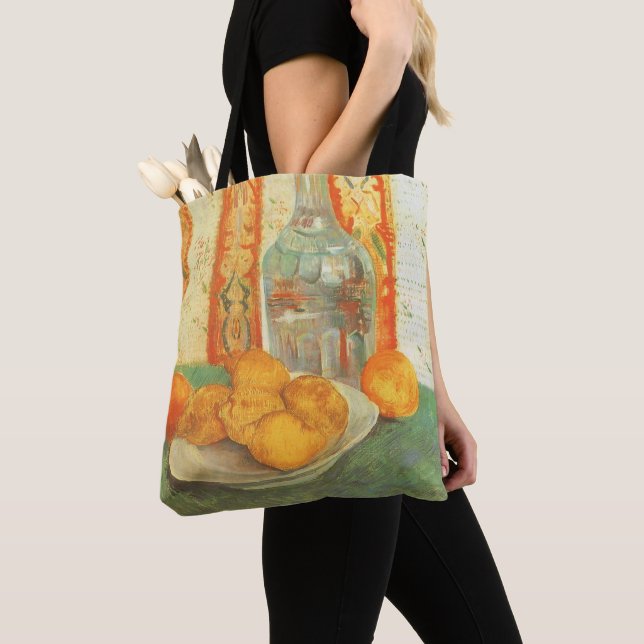 Bolso De Tela Vincent van Gogh - Decantador y Lemones en una pla (Detalle)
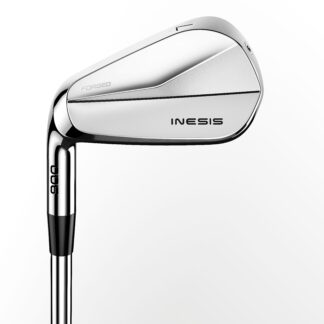 Set Of Golf Irons Left Handed Steel Size 1 High Speed - Inesis 900 Combo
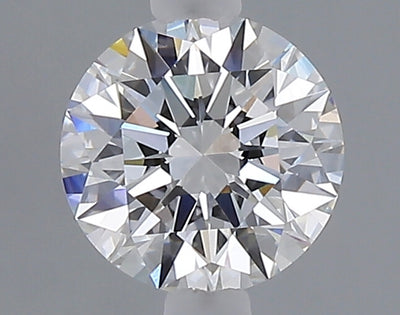 1.10 carat round lab grown diamond D color VVS2 clarity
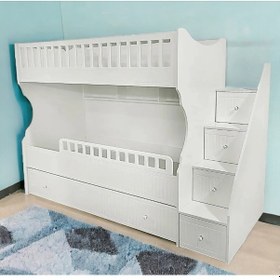 Resim Lugo Tamamı Mdf Lake Boyalı Yavrulu 3lü Ranza B 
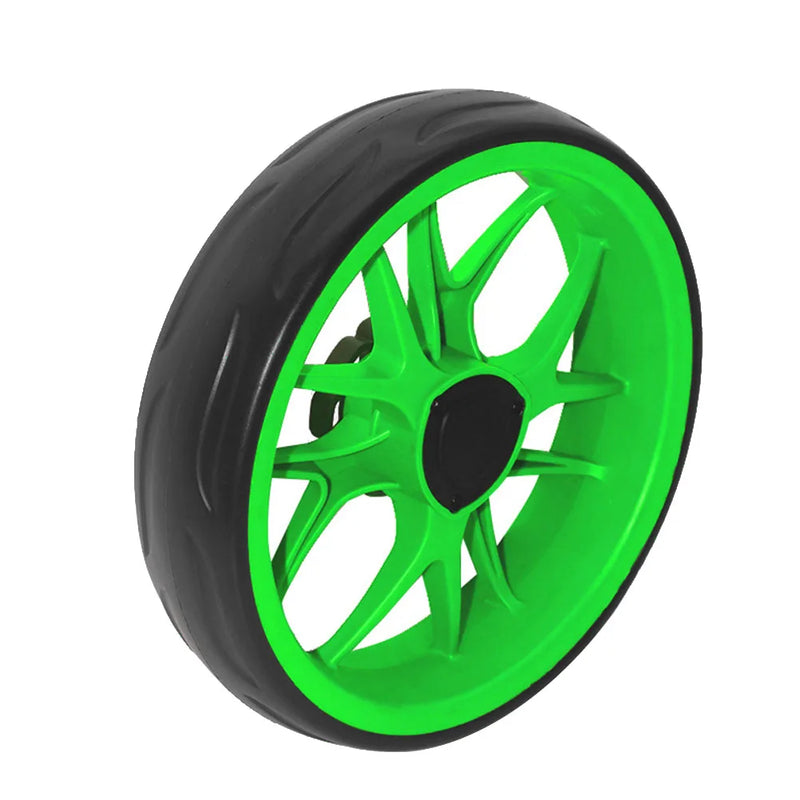 Roue de chariot de golf – jante verte, vue de trois quarts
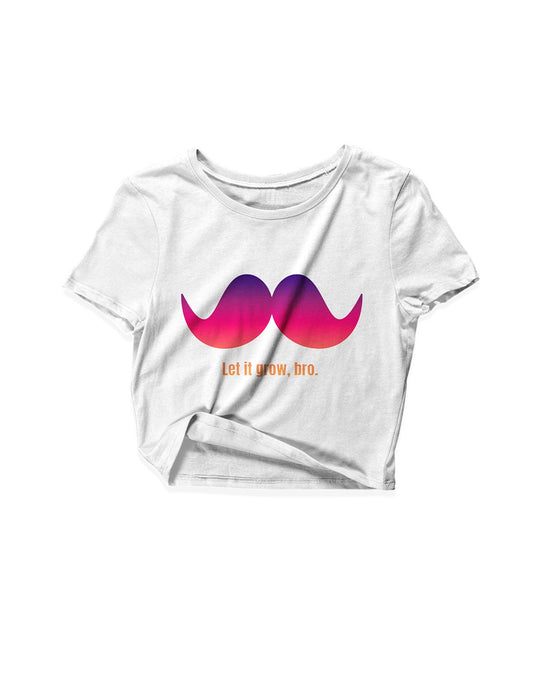 Ladies White Crop Tops - Let it grow, Bro - CrossFit Ballito - AMRAP INDUSTRIES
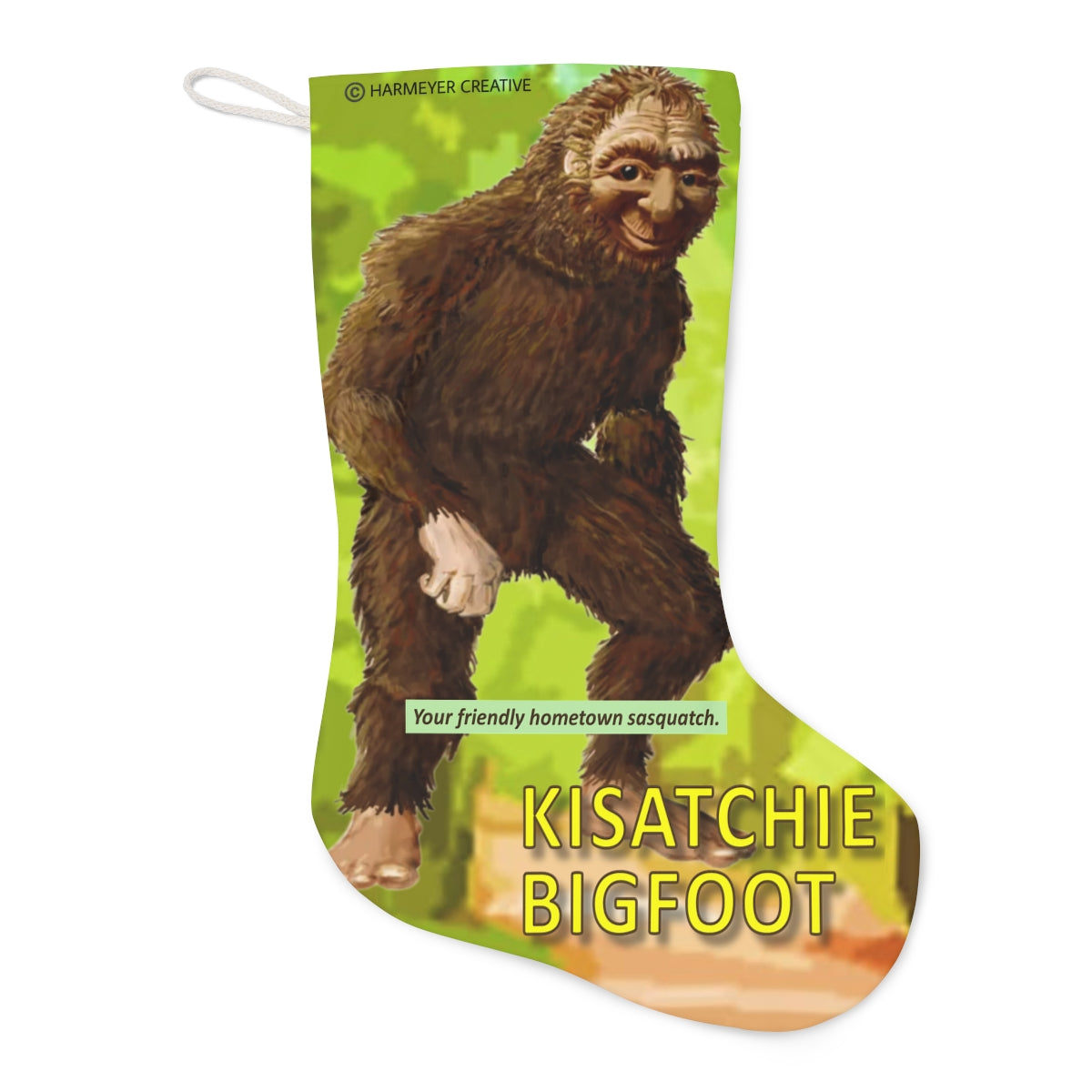 Kisatchie Bigfoot Santa Stocking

◆ ◆ ◆ ◆ ◆ ◆ ◆

With pictures omitted, reproduce exactly the lines from the line containing "Set Of Golf" through the end of the data above.

 Set Of Golf Irons Left Handed Steel Size 1 High Speed - Inesis 900 Combo
 1.10 carat round lab grown diamond D color VVS2 clarity
 Resim Lugo Tamamı Mdf Lake Boyalı Yavrulu 3lü Ranza B 
 Roue de chariot de golf – jante verte, vue de trois quarts
 Ladies White Crop Tops - Let it grow, Bro - CrossFit Ballito - AMRAP INDUSTRIES
 Kisatchie Bigfoot Santa Stocking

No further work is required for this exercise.